The massive earthquake and tsunami that hit the Indian Ocean 18 months ago has pushed governments, international organizations and scientists to expand a sophisticated network to detect tsunamis. VOA's Steve Herman in Honolulu, Hawaii, takes a look at the progress made so far.
"Do you know what to do during a tsunami warning? When you hear the sirens, listen to the radio for civil defense announcements and instructions."
In Hawaii and along the United States West Coast, governments have long educated the public about tsunamis through public service announcements like this.
But as the world found out when a tsunami struck all around the Indian Ocean in December 2004, local officials can only warn the public if they know that trouble from the sea is on the way.
Geophysicist Gerard Fryer at the Pacific Tsunami Warning Center, on Hawaii's island of Oahu, says even those with access to the data that day had no idea what was about to happen when a massive earthquake struck off the coast of Indonesia's Sumatra island.
"The poor guys here, they knew where the earthquake had started, but they didn't know where it went?So Thailand gets hit on one side and India and Sri Lanka gets hit on the other side, and no seismologist in the world had any idea of what had happened until several hours later," Fryer said.
By the time the waves had reached across the ocean to Eastern Africa, more than 200,000 people were dead or missing.
Even if the scientists had had full knowledge of what was happening, there was no quick way to warn the nations in the waves' path. Most Indian Ocean countries are not part of the international tsunami warning system that tracks hazards in the Pacific.
That is changing. Most nations in the region are now linking up to a warning system.
Six months from now, by the second anniversary of the tsunami, dozens of new seismic stations in the Indian Ocean, Asia, the Middle East and Africa are expected to be operational, joining the existing network in the Pacific. The warning system includes nearly 300 tidal gauges measuring sea levels around the world, with more stations being added all the time.
The upgrades will help scientists more accurately predict where a tsunami might hit. The chief scientist at the Pacific Disaster Center on the island of Maui, Stanley Goosby, points to upgraded devices off the coast of Alaska that are already making tsunami forecasts more accurate.
"We have several deep-water buoys located up in the Aleutian islands and that actually helps to bring down the false alarm rate, because you can't just use seismic information by itself to determine whether or not a tsunami has been generated," he said. "But one of the problems we have is in a lot of these areas, we don't have the observational systems."

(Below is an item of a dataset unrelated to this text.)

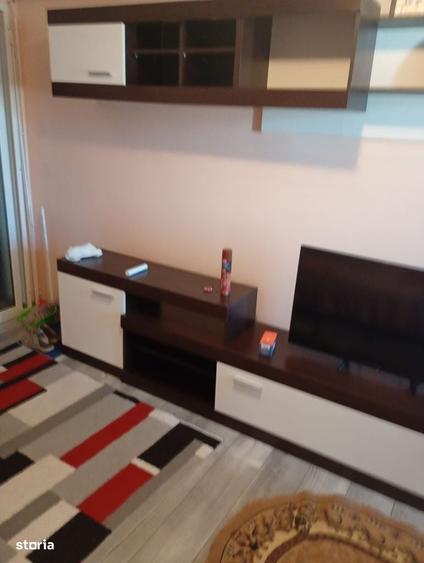 Apartament cu 2 camere decomandat în Obor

The biggest data hole is the Indian Ocean. To help rectify that, some $30 million has been pledged by governments and international organizations to place deep-water buoys in that body of water, to augment those already in place in the Pacific.
Even where there are adequate observation systems, governments may not always be willing to share critical information widely and quickly.

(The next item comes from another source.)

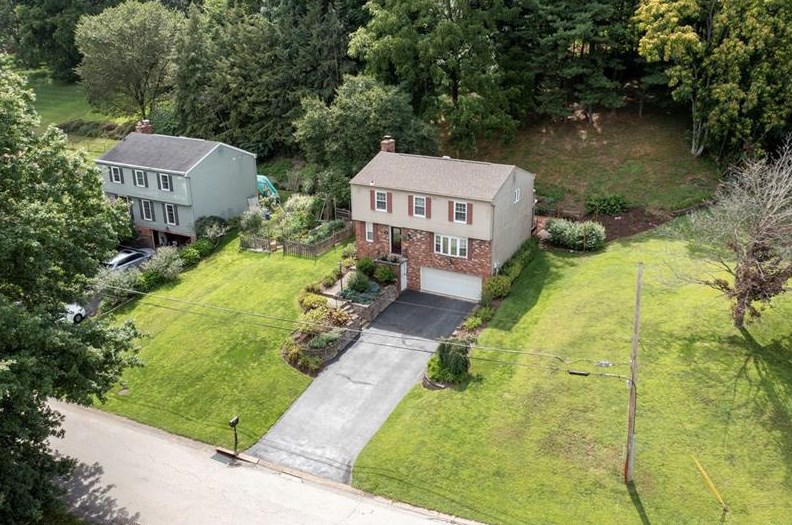 211 E Edgewood, Canonsburg, PA 15317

Out of security concerns, India has been reluctant to disseminate some real-time data, including sea level information.
Geophysicist Gerard Fryer, at the Pacific Tsunami Warning Center, laments that India did not share its information from a tide gauge at Port Blair in the Andaman Islands after the Sumatra quake struck.
"That instrument was sending data in real time to mainland India. If that information had been shared, that whole sequence of things would have played out very, very differently, because we would have known," he said. "Obviously India suffered tremendously, so I am sure that they are going to change their ways."
Even when scientists have all the information in time to get the word out, other challenges remain. During tsunami warning drills and actual alerts in the Pacific this year, there were some breakdowns in the communications system.
To assess the shortfalls in the system, 16 Indian Ocean countries took part in a survey.
Brian Yanagi manages the Honolulu-based International Tsunami Information Center, one of the organizations carrying out the assessment.
"They really found out things about their country that they didn't know - their weaknesses to connect the dots, to make sure everything has to be working together on the same page," he said. "There's a lot of work that needs to be done, and the United Nations organizations are helping right now, as we speak."
One of the countries given the highest score in the survey is Thailand.
Thailand has combined the traditional alert system - an outdoor siren - with a new high-technology twist: sending SMS notifications to cell phones.
Some experts worry that as the shock of the 2004 disaster begins to subside, funds for expanding the warning system will start to dry up. Supporters of the system point out that although massive earthquakes and tsunamis may be infrequent events, the number of people who can be affected by them is growing. The United Nations estimates that by the year 2025, three quarters of the world's population will be living in close proximity to coastal areas.